Enviada em 15/10/2018

No século XV, indivíduos com transtornos psicológicos eram considerados vítimas de possessões demoníacas, que deveriam viver eternamente isoladas. Hodiernamente, tal comportamento foi alterado, mas o estigma em torno de tais patologias permanece e dificulta a prevenção do suicídio entre os jovens brasileiros, na medida em que configura o tema como um tabu e negligencia o atendimento às vítimas.

A princípio, cabe destacar que, de acordo com Stuart Mill, toda prática não contestada tende a enraizar-se na sociedade. Em vista disso, depreende-se que ausência de debates responsáveis sobre as causas e formas de prevenção do autocídio, devido à dificuldade histórica de falar sobre o assunto, prejudica a atenuação dos casos, considerando a importância da conscientização social. No entanto, tal omissão não resolve a problemática, tendo em vista o aumento de 10% dos casos desde 2002, segundo o Mapa da Violência.

Além disso, é válido considerar a dificuldade do Estado em lidar com os pacientes de transtornos psicológicos. Consoante a Durkheim, o suicídio é resultado do contexto social inerente ao indivíduo. Analogamente, a falta de capacitação dos profissionais escolares, para identificar e auxiliar os jovens com situação emocional vulnerável, torna-se um obstáculo na prevenção dos casos, tendo em vista a importância do ambiente escolar na adolescência.
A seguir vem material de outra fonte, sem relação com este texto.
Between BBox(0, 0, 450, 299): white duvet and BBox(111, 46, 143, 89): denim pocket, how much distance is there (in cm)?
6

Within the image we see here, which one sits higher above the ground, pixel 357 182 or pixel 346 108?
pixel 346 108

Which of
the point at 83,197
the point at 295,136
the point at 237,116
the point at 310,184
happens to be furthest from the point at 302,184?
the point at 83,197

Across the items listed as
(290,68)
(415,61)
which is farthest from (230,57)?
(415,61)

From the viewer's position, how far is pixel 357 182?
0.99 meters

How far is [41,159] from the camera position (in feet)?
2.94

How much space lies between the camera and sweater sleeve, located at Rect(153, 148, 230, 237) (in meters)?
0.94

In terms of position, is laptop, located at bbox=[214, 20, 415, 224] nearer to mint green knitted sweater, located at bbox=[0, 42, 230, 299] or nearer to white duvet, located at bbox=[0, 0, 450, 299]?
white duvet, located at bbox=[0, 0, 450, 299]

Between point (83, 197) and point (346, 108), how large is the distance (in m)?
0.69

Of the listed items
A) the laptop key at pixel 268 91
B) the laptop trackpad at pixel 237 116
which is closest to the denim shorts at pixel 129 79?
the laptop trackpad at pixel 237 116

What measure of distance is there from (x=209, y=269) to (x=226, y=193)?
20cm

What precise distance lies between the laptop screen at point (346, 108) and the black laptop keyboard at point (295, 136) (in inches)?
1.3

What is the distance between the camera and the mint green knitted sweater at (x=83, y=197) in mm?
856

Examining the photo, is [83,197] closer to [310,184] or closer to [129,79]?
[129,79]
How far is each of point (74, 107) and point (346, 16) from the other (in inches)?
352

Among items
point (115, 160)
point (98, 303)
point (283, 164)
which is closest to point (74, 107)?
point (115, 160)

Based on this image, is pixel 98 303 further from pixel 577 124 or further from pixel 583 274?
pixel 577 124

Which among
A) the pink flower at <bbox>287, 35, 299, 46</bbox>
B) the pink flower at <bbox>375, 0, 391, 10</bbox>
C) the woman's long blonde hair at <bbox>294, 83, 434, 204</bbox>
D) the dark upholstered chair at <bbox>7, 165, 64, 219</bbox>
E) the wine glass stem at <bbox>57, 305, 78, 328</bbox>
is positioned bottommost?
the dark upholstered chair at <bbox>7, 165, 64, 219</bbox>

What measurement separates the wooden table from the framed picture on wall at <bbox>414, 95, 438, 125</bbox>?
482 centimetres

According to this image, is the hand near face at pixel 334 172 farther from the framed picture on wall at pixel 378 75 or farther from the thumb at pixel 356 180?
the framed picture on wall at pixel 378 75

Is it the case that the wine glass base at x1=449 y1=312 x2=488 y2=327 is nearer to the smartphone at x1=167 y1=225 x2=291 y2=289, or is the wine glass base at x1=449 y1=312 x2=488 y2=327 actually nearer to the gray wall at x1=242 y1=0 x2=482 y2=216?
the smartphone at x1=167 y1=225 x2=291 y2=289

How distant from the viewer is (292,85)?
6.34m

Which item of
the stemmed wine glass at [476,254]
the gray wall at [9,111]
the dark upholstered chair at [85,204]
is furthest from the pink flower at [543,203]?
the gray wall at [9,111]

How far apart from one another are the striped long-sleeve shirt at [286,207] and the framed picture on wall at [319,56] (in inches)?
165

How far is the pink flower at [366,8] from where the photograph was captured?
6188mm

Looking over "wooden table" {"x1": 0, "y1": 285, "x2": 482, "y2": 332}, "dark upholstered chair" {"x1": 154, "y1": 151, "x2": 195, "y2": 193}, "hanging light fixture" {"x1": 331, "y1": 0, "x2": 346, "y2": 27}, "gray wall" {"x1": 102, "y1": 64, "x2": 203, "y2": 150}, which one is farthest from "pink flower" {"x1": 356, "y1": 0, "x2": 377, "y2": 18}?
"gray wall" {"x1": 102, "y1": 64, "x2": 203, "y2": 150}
Como resultado, 90% dos casos de autocídio é causado por patologias psicológicas, segundo o Ministério da Saúde, o que torna claro a necessidade de debate e atuação do Poder Público para a alteração do atual quadro.
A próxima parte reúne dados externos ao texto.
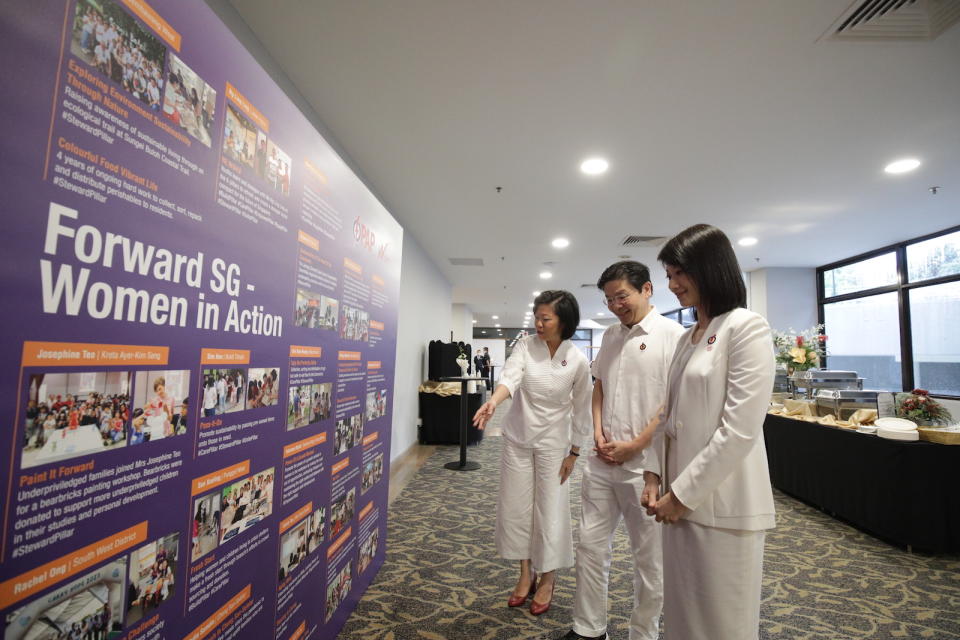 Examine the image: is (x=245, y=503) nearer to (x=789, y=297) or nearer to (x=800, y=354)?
(x=800, y=354)

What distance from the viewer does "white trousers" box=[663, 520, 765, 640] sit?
3.59ft

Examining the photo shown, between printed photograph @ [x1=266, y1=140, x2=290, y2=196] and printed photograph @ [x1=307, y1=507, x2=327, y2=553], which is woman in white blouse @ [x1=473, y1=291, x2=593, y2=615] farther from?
printed photograph @ [x1=266, y1=140, x2=290, y2=196]

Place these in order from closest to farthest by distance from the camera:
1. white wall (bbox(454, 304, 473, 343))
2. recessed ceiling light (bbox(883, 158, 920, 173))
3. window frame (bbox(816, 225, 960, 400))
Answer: recessed ceiling light (bbox(883, 158, 920, 173))
window frame (bbox(816, 225, 960, 400))
white wall (bbox(454, 304, 473, 343))

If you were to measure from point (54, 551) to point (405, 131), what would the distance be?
3335 millimetres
Portanto, cabe ao Ministério da Saúde elaborar uma campanha educativa, com comerciais de TV e panfletos e cartazes a serem distribuídos nas escolas do país, que apresentem as causas e os meios de prevenção do suicídio, a fim de conscientizar a população e atenuar a desinformação acerca do tema. Outrossim, cabe ao Ministério da Educação, em parceria com as escolas, ministrar palestras, com especialistas, que instruam os professores e diretores a identificar e auxiliar os discentes com possíveis vulnerabilidades emocionais, com o intuito de cooperar para a alteração do estigma histórico-social.